→ Problem to solve
In the records below, repeat word for word only the lines starting at the one that contains "CYCD-Nanaimo airport Microsoft" and ending at the one that contains "Tiffany バイザヤードダイヤ 4ミリ~up　750k18イエローゴールド", pictures excluded.

→ Source records
☆ ☆ ☆ ☆ ☆

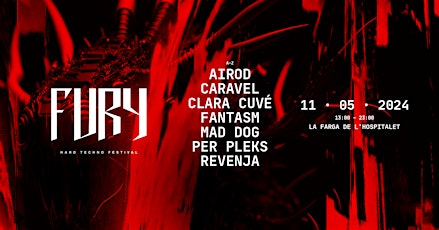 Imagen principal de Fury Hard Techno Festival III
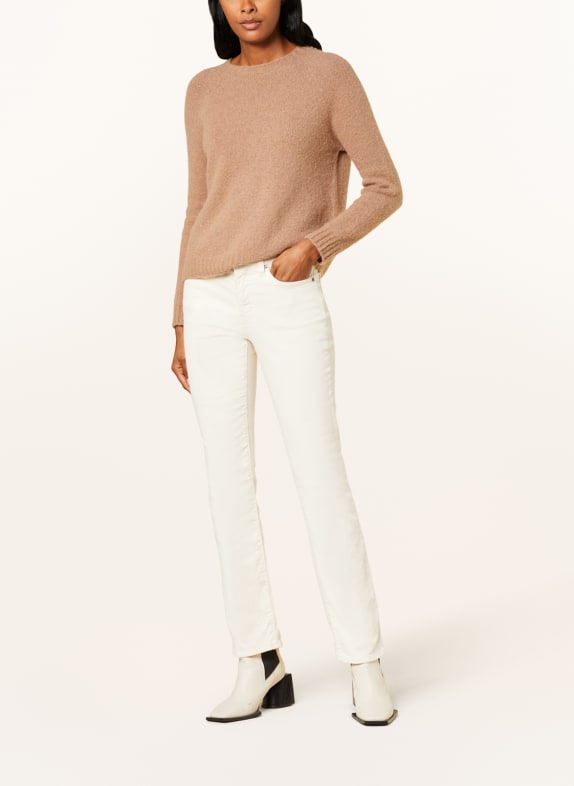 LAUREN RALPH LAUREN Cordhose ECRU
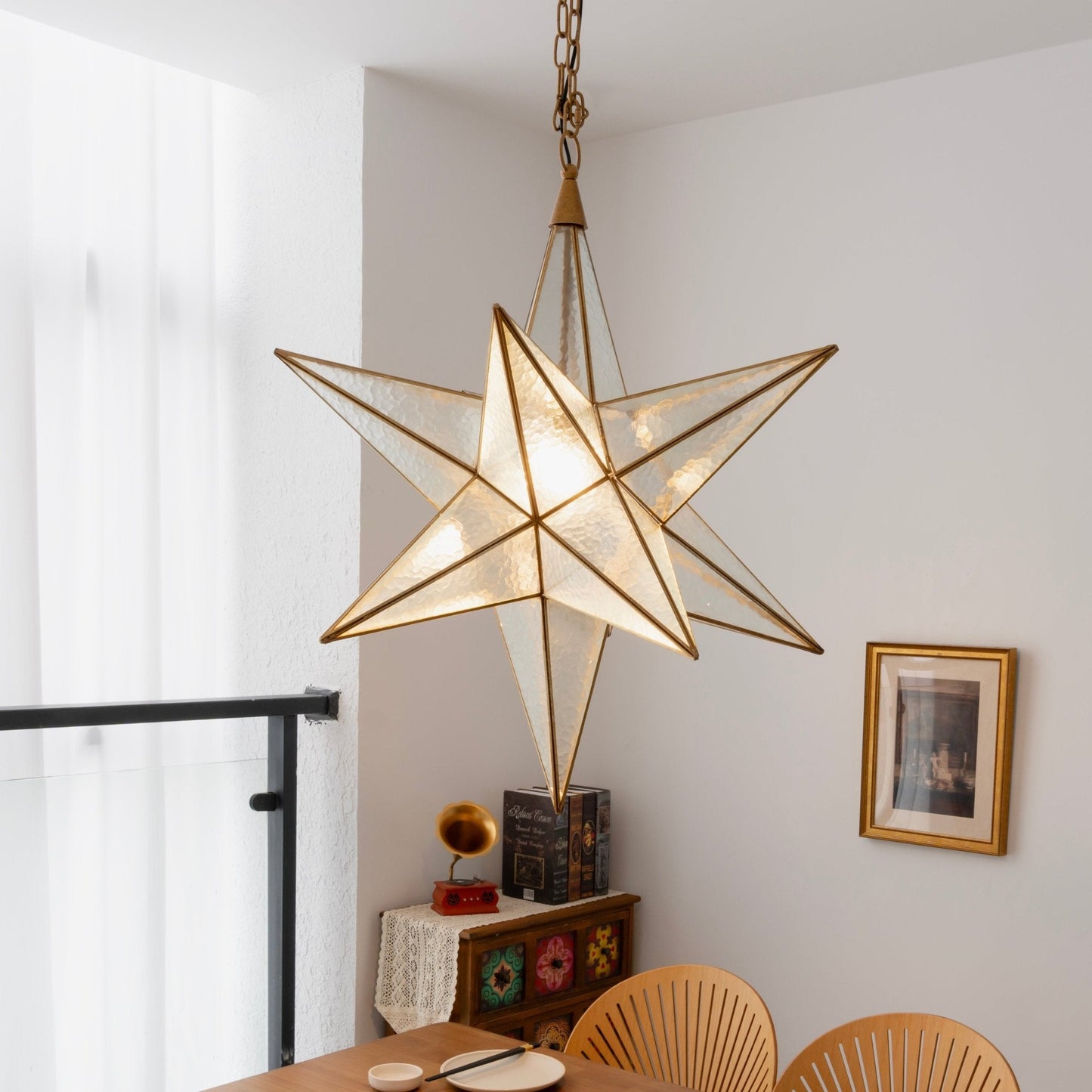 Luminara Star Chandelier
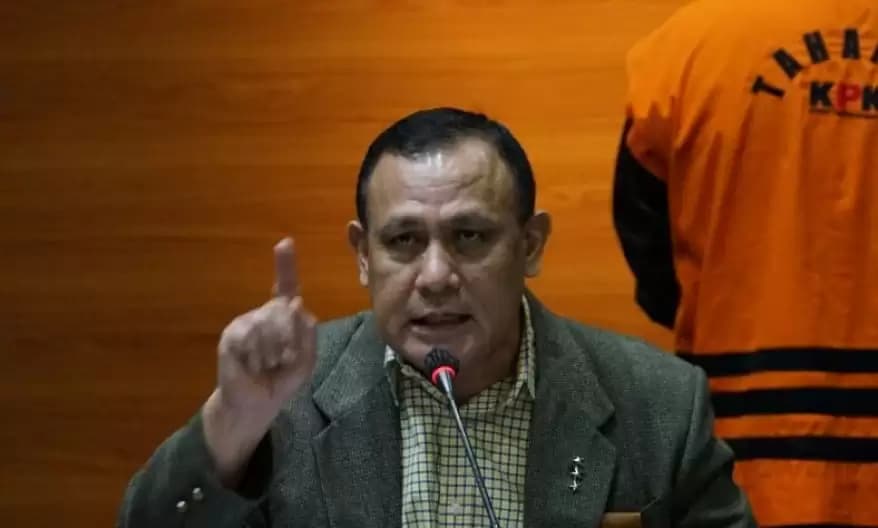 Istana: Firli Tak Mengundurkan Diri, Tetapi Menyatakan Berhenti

☆ ☆ ☆ ☆ ☆

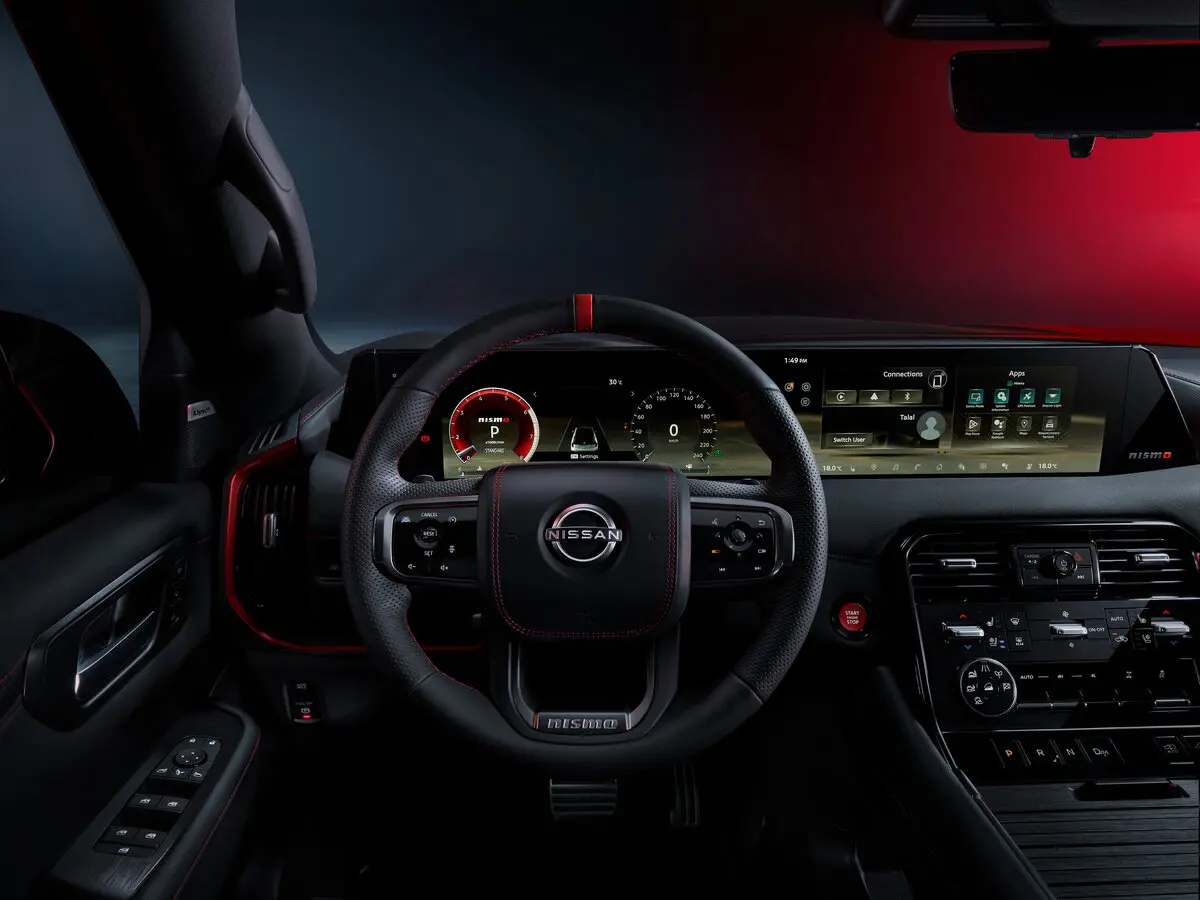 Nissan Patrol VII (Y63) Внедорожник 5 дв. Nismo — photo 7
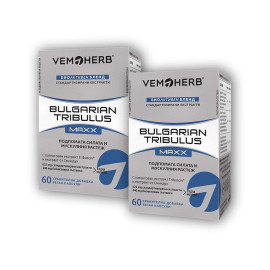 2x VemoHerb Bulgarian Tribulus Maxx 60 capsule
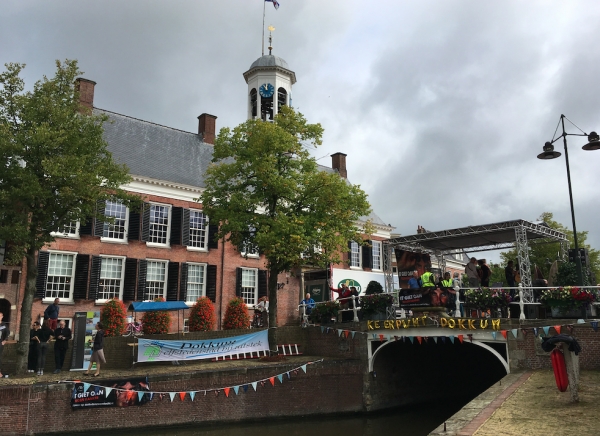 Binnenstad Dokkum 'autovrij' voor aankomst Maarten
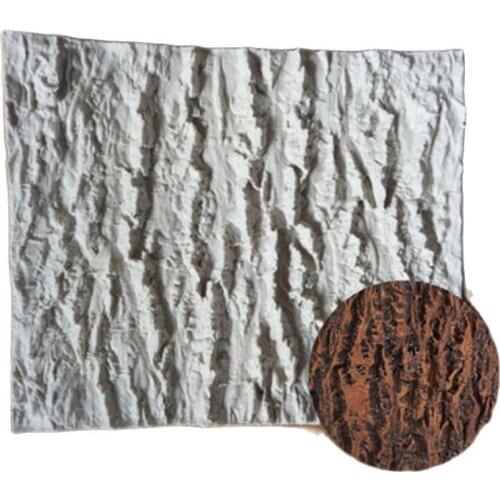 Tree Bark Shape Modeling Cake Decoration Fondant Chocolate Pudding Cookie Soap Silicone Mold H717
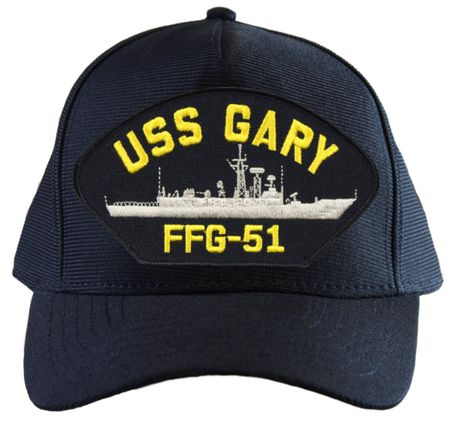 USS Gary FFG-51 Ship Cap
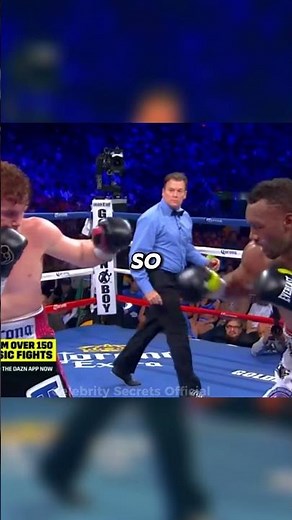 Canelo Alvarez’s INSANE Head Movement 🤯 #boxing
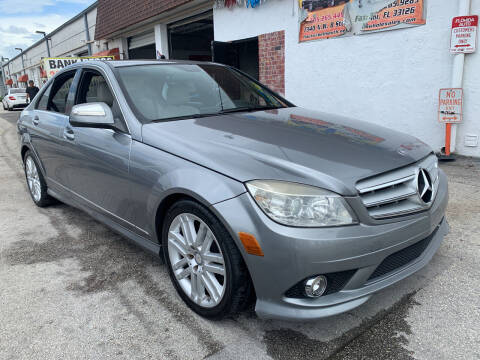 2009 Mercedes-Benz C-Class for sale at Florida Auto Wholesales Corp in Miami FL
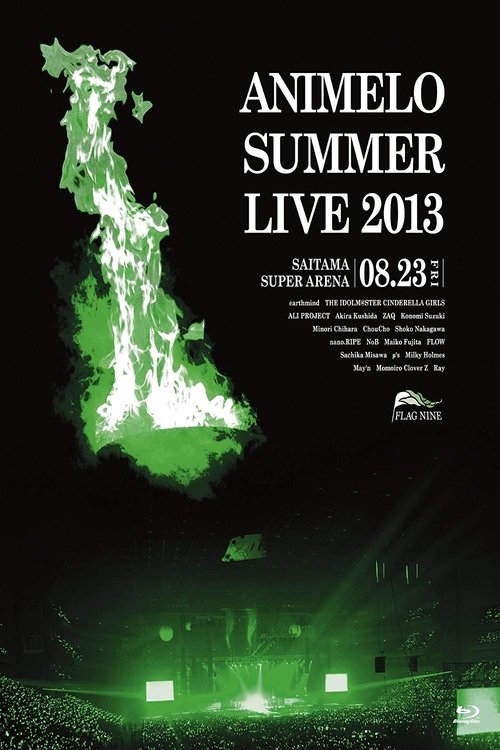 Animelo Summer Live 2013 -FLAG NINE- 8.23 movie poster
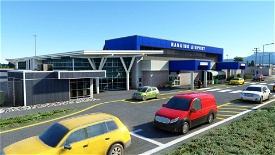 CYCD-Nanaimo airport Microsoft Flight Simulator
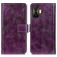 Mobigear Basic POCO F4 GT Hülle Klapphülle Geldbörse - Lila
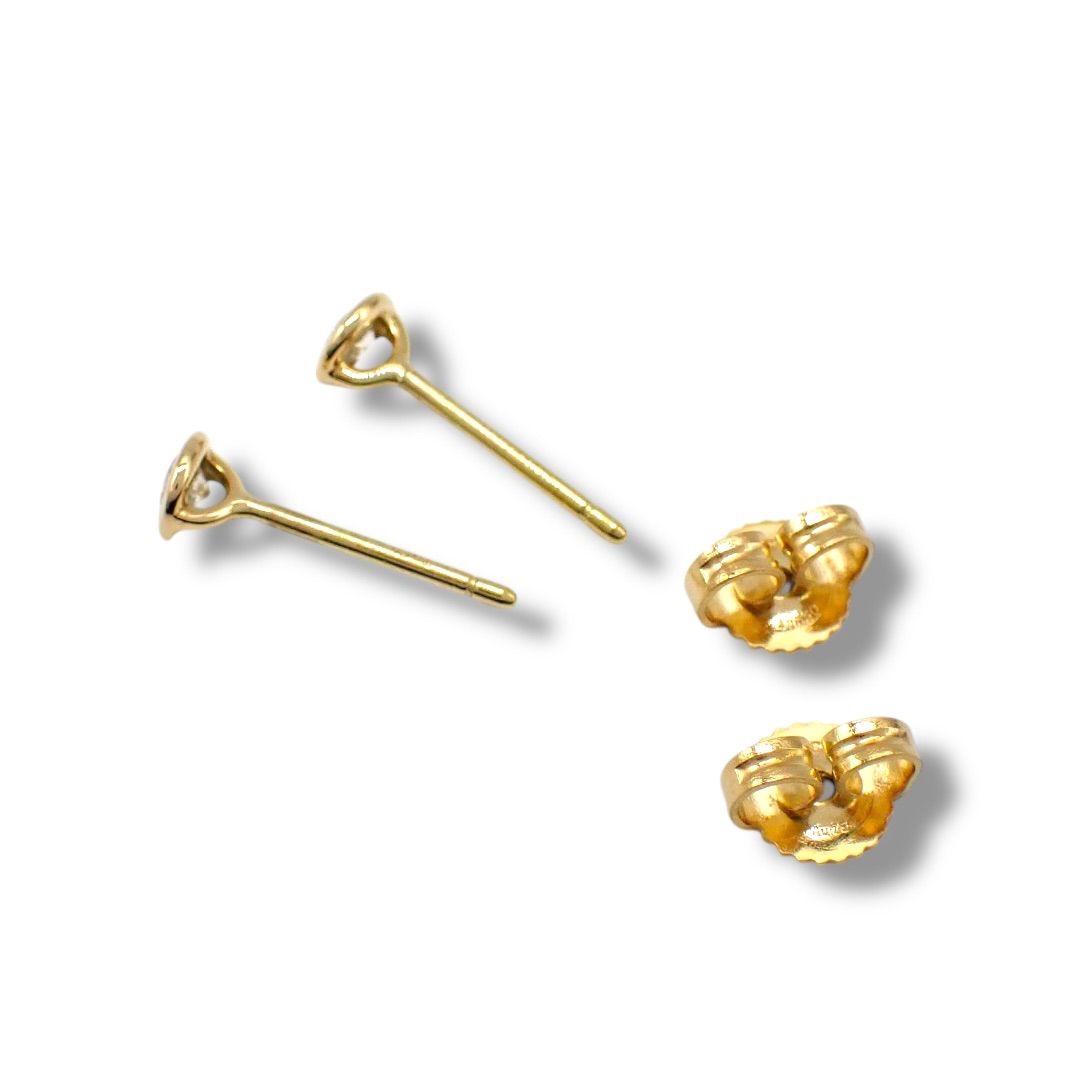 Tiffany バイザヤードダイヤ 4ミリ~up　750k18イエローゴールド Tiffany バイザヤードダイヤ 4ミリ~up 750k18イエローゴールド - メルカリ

☆ ☆ ☆ ☆ ☆

→ Answer to the exercise
 CYCD-Nanaimo airport Microsoft Flight Simulator
 Mobigear Basic POCO F4 GT Hülle Klapphülle Geldbörse - Lila
 Tiffany バイザヤードダイヤ 4ミリ~up　750k18イエローゴールド Tiffany バイザヤードダイヤ 4ミリ~up 750k18イエローゴールド - メルカリ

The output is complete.